According to Sheet 1:
Precincts: 2,025
Registered voters: 2,741,203
Votes cast: 2,685,772
Turnout: 98.0%
Ninety-eight percent turnout. In a country where international observers consistently reported voter apathy and low engagement, where the opposition boycotted participation, and where even the ruling party's own internal polling showed modest turnout expectations -- the official aggregate claims that 98 out of every 100 registered voters showed up to vote.
Now look at Sheets 2 through 14. These contain the same election's results broken down by electoral constituency (marked as 1 through 13). Each sheet covers one constituency, listing every precinct within it. These are the detailed results that the aggregate in Sheet 1 is supposed to summarize.
Here is what the constituency sheets actually say:
| Constituency | Precincts | Registered | Voted | Turnout |
|---|---|---|---|---|
| 1 | 113 | 64,137 | 35,790 | 55.8% |
| 2 | 125 | 54,700 | 28,159 | 51.5% |
| 3 | 124 | 88,784 | 39,011 | 43.9% |
| 4 | 120 | 67,907 | 36,553 | 53.8% |
| 5 | 155 | 121,932 | 63,605 | 52.2% |
| 6 | 169 | 73,235 | 40,501 | 55.3% |
| 7 | 140 | 39,276 | 20,356 | 51.8% |
| 8 | 155 | 62,730 | 37,244 | 59.4% |
| 9 | 222 | 101,517 | 40,375 | 39.8% |
| 10 | 170 | 68,487 | 35,944 | 52.5% |
| 11 | 221 | 52,388 | 33,940 | 64.8% |
| 12 | 206 | 68,954 | 39,538 | 57.3% |
| 13 | 97 | 39,922 | 19,946 | 50.0% |
| TOTAL | 2,017 | 903,969 | 470,962 | 52.1% |
The constituency-level average turnout is 52.9%. That is a normal number for a contested Armenian election. International observers from the OSCE typically report turnout figures in the 50-60% range for Armenian parliamentary elections.
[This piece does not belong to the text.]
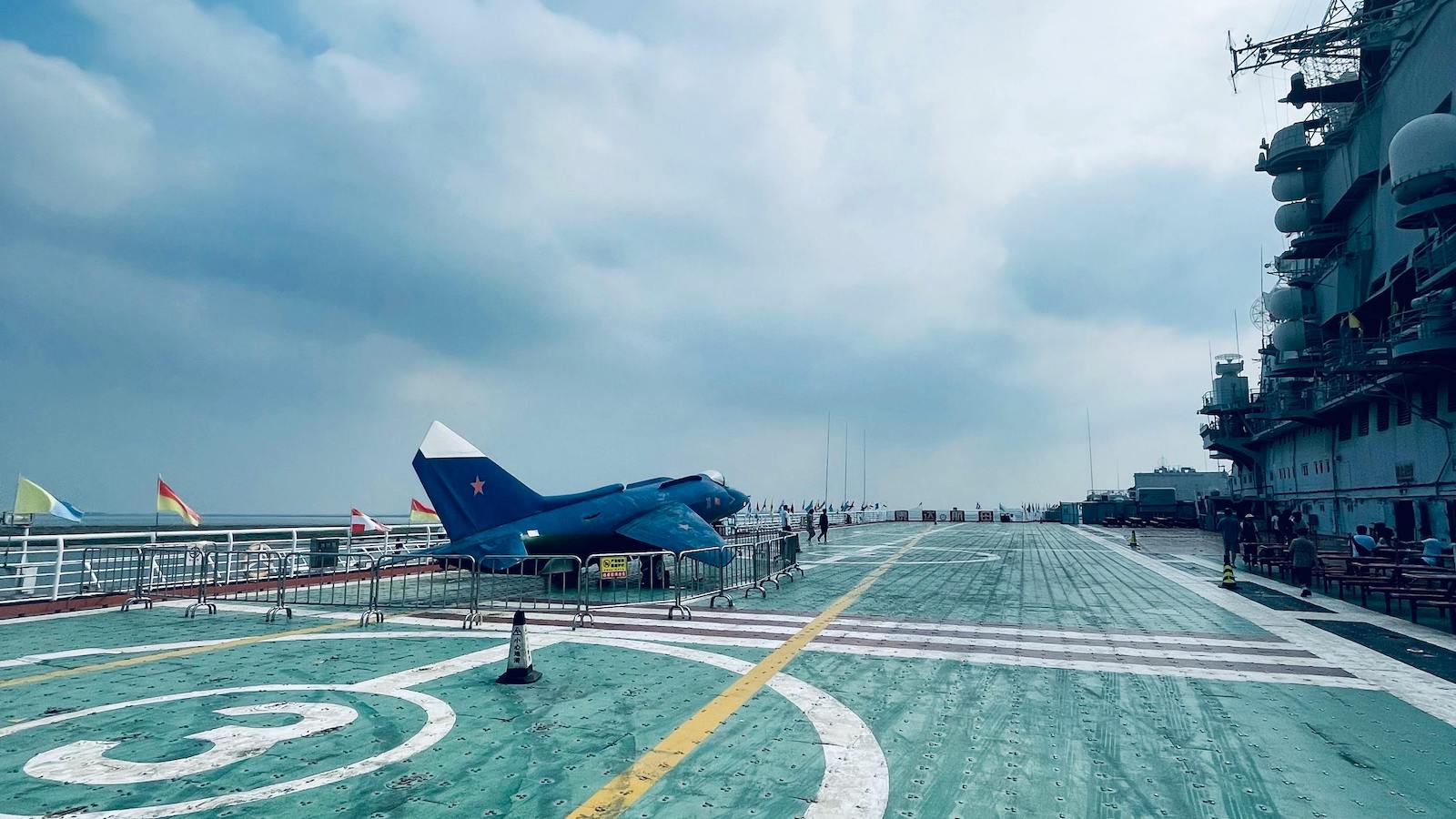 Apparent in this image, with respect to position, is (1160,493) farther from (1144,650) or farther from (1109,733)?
(1109,733)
The aggregate sheet claims 98.0%.
3. What This Means in Plain Language
ARITHMETIC
Imagine a company publishes its annual report. Page 1 says total revenue was $100 million. Pages 2 through 14 break down revenue by department. You add up the departments: $53 million. You check the addition. You check it again. It is $53 million. But page 1 says $100 million. One of those numbers is wrong. That is not a matter of interpretation or opinion. It is arithmetic.
That is exactly what happened here. The CEC published a file where:
- The summary page (Sheet 1) claims 2,685,772 people voted -- a 98% turnout.
- The detailed pages (Sheets 2-14) show the precinct-by-precinct results from each constituency. When you add them up, approximately 471,000 people voted -- roughly 53% turnout.
- The difference -- approximately 2.2 million votes -- exists in the aggregate but not in the constituency data. These votes have no origin. They do not correspond to voters at polling stations in any constituency.
Two point two million phantom votes. Not estimated. Not modeled. Not inferred from statistical anomalies. Counted directly from the CEC's own columns in the CEC's own file.
The Central Election Commission's official results file contains two contradictory sets of numbers. The aggregate claims approximately 2.2 million more votes than the constituency-level data supports. Both datasets are in the same Excel file, published on the same government website.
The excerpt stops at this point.